アクリルポリオールの水酸基価は5〜200KOHmg/g(好ましくは10〜150KOHmg/g、より好ましくは20〜100KOHmg/g)であることが望ましい。また、アクリルポリオールの酸価は0.1〜30KOHmg/g(好ましくは1〜25KOHmg/g、より好ましくは2〜20KOHmg/g)であることが望ましい。重量平均分子量は、通常5000〜200000(好ましくは10000〜100000)程度であり、ガラス転移温度は、通常0〜100℃(好ましくは30〜70℃)程度である。
なお、上記の水酸基価、酸価は、いずれも樹脂固形分に対する値である。
【0021】
本発明被覆材におけるポリイソシアネートは、上記ポリオールとの硬化反応を生じる成分である。本発明では、このような硬化反応により、密着性、可塑剤移行防止性等において被膜形成初期段階から十分な効果が発現される。空気中の水分によって硬化反応を生じる湿気硬化型ウレタン樹脂等では、硬化までに相当の時間を要するため、被膜形成初期段階での効果発現が不十分となりやすい。
【0022】
ポリイソシアネートとしては、例えば、トルエンジイソシアネート(TDI)、4,4−ジフェニルメタンジイソシアネート(pure−MDI)、ポリメリックMDI、キシリレンジイソシアネート(XDI)、ヘキサメチレンジイソシアネート(HMDI)、イソホロンジイソシアネート(IPDI)、水添XDI、水添MDI等、あるいはこれらをアロハネート化、ビウレット化、2量化(ウレチジオン)、3量化(イソシアヌレート)、アダクト化、カルボジイミド反応等によって誘導体化したもの等が使用できる。
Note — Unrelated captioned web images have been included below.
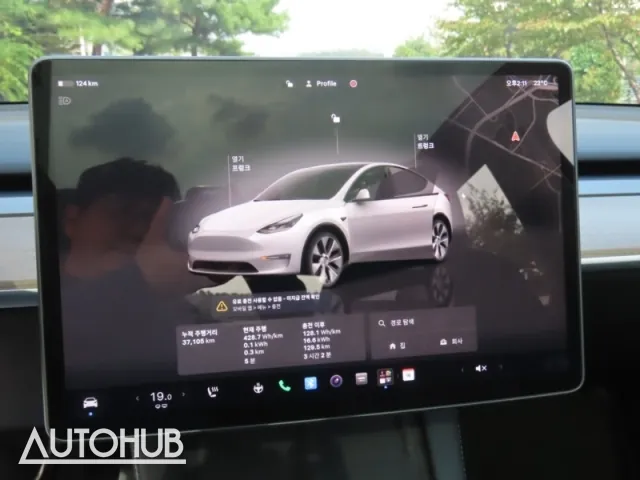 Tesla Model Y 2023 photo 5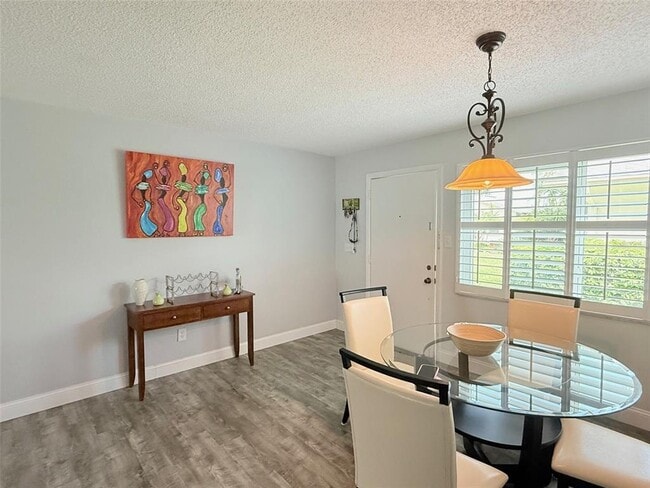 Photo - 3357 38th St S Unidad C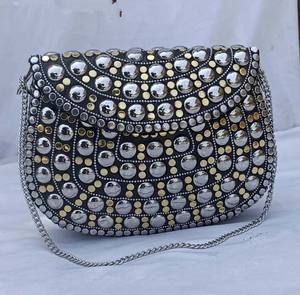 Pochette de Soirée Style Rock pour Femme – Meilleur Prix – Exportateur Indien GC-BG-331 – Design Métallique Tendance avec Perles Coquillage en Laiton – Idéale pour les Fêtes - Product Image 1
これらポリイソシアネートとポリオールとの混合比率は、NCO/OH比率で通常0.7〜2.0、好ましくは0.8〜1.5となるような範囲内であればよい。
【0023】
本発明被覆材では、溶剤としてケトン化合物を含む。このようなケトン化合物は、ポリ塩化ビニル面への密着性発現に大きく寄与するものである。さらに、このようなケトン化合物は、被膜の乾燥促進作用を発現するため、可塑剤移行防止性向上の点においても有効に作用するものである。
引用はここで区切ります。